* _Extracted information_
**********
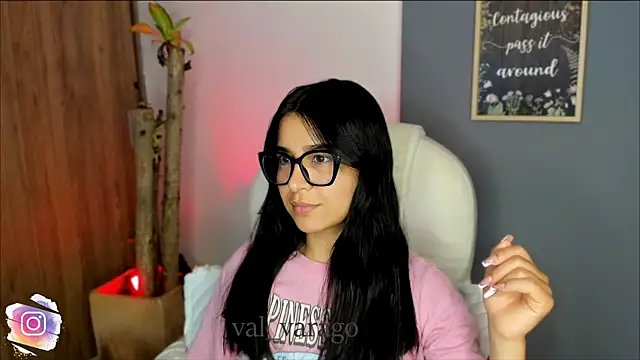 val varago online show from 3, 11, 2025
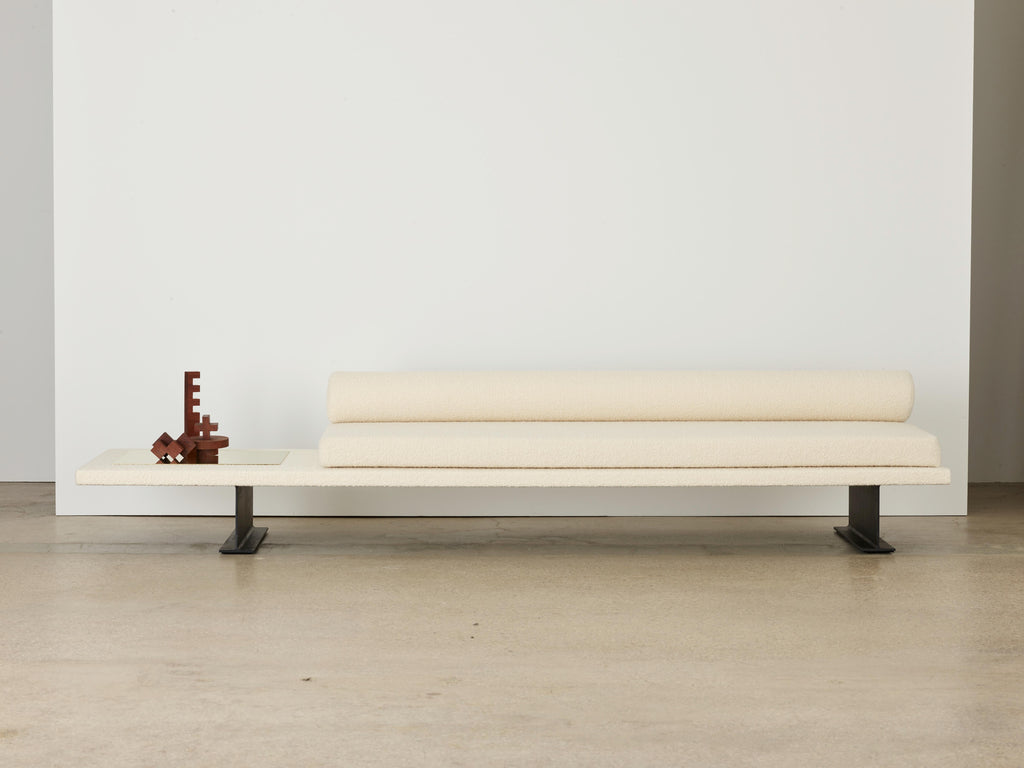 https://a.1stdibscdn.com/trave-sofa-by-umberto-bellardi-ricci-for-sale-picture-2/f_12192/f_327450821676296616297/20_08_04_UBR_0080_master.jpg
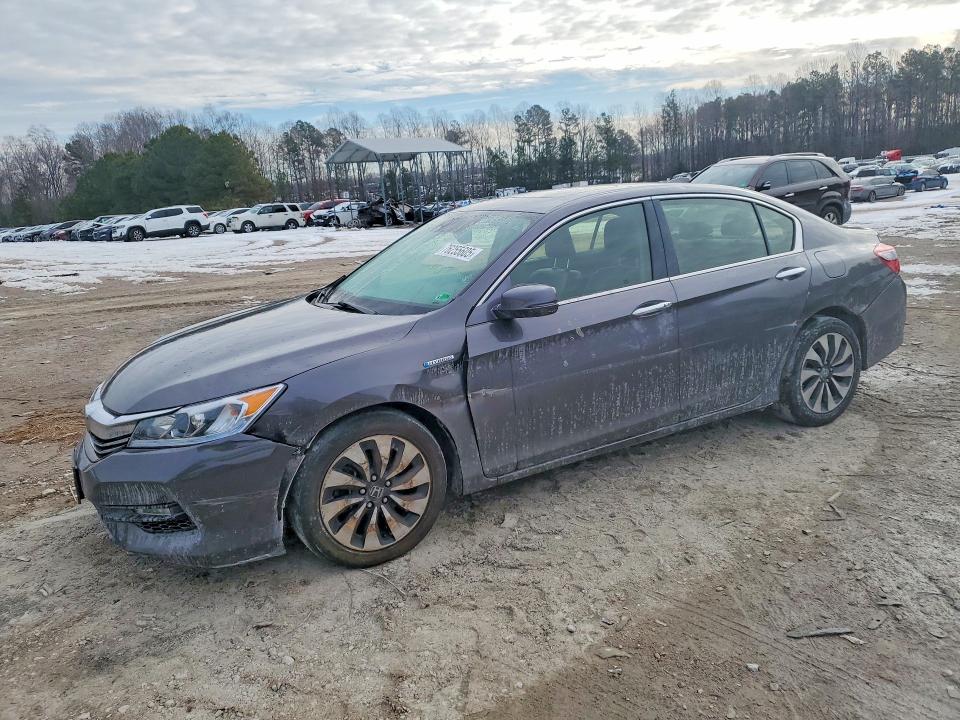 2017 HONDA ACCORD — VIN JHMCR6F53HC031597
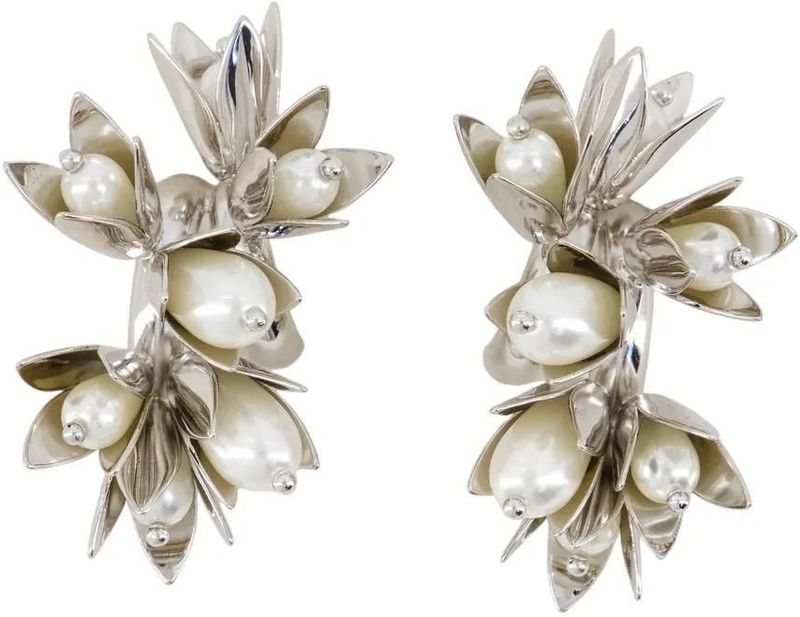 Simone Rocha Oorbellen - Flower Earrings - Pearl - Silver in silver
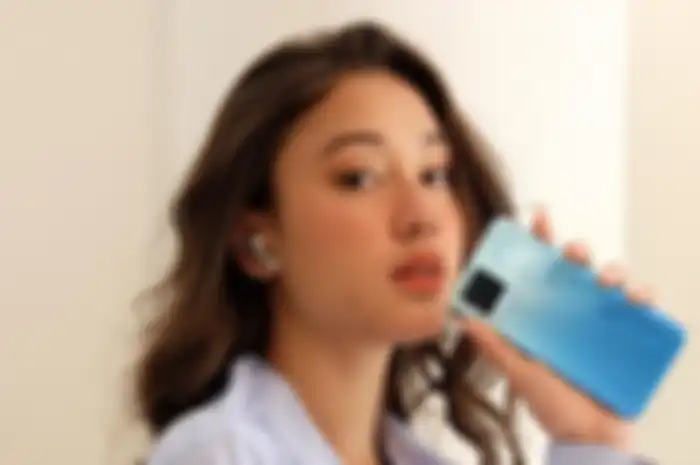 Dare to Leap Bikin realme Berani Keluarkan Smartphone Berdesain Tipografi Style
**********
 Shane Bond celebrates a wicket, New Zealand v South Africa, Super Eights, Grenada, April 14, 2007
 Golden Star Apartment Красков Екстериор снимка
**********
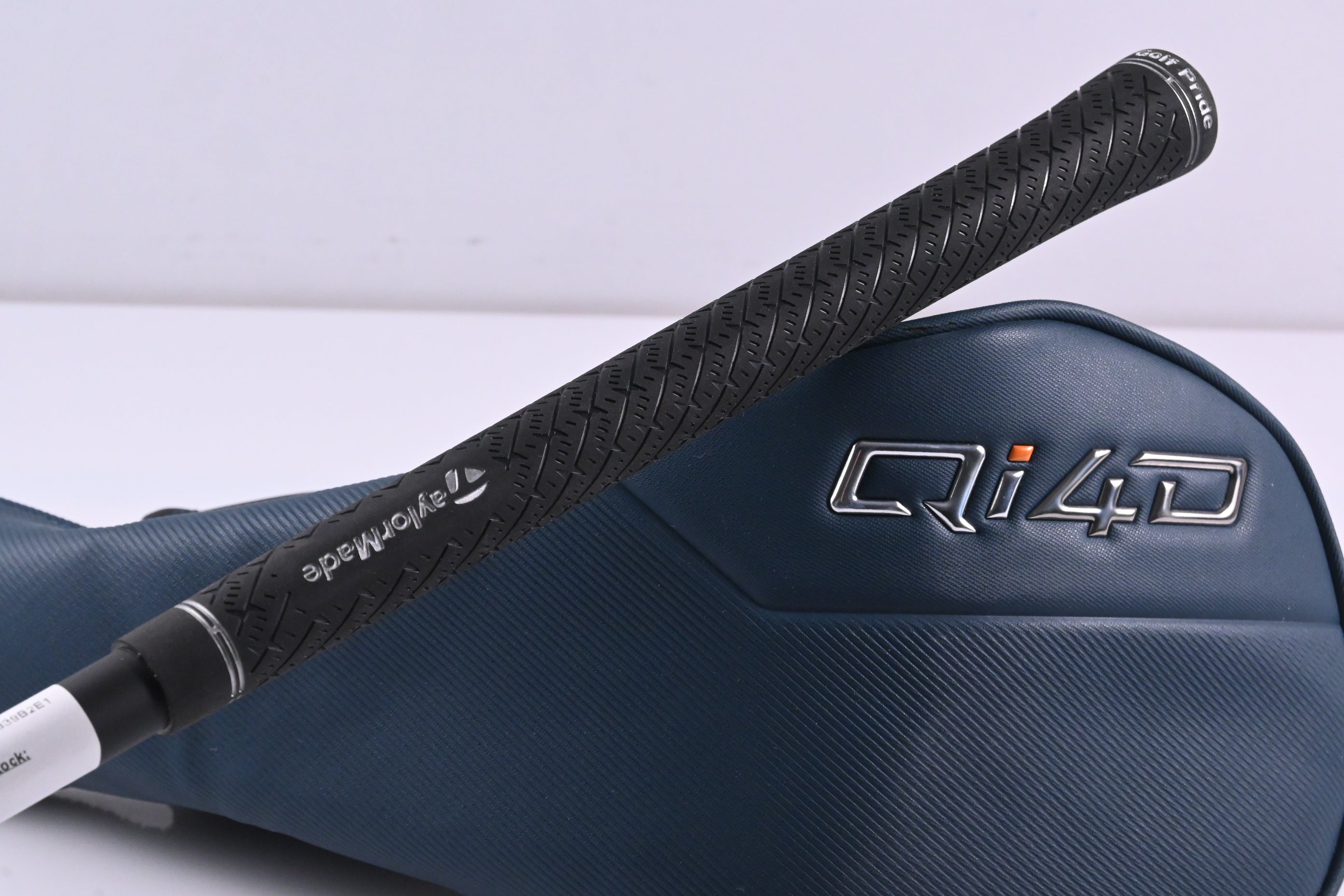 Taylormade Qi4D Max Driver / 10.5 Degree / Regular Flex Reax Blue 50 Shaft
**********
* _Your objective_
Reproduce the data above exactly, but only the lines from the one showing "val varago online show from 3, 11, 2025" through the one showing "Dare to Leap", with both ends kept and the pictures left out.

* _Solution for this problem_
 val varago online show from 3, 11, 2025
 https://a.1stdibscdn.com/trave-sofa-by-umberto-bellardi-ricci-for-sale-picture-2/f_12192/f_327450821676296616297/20_08_04_UBR_0080_master.jpg
 2017 HONDA ACCORD — VIN JHMCR6F53HC031597
 Simone Rocha Oorbellen - Flower Earrings - Pearl - Silver in silver
 Dare to Leap Bikin realme Berani Keluarkan Smartphone Berdesain Tipografi Style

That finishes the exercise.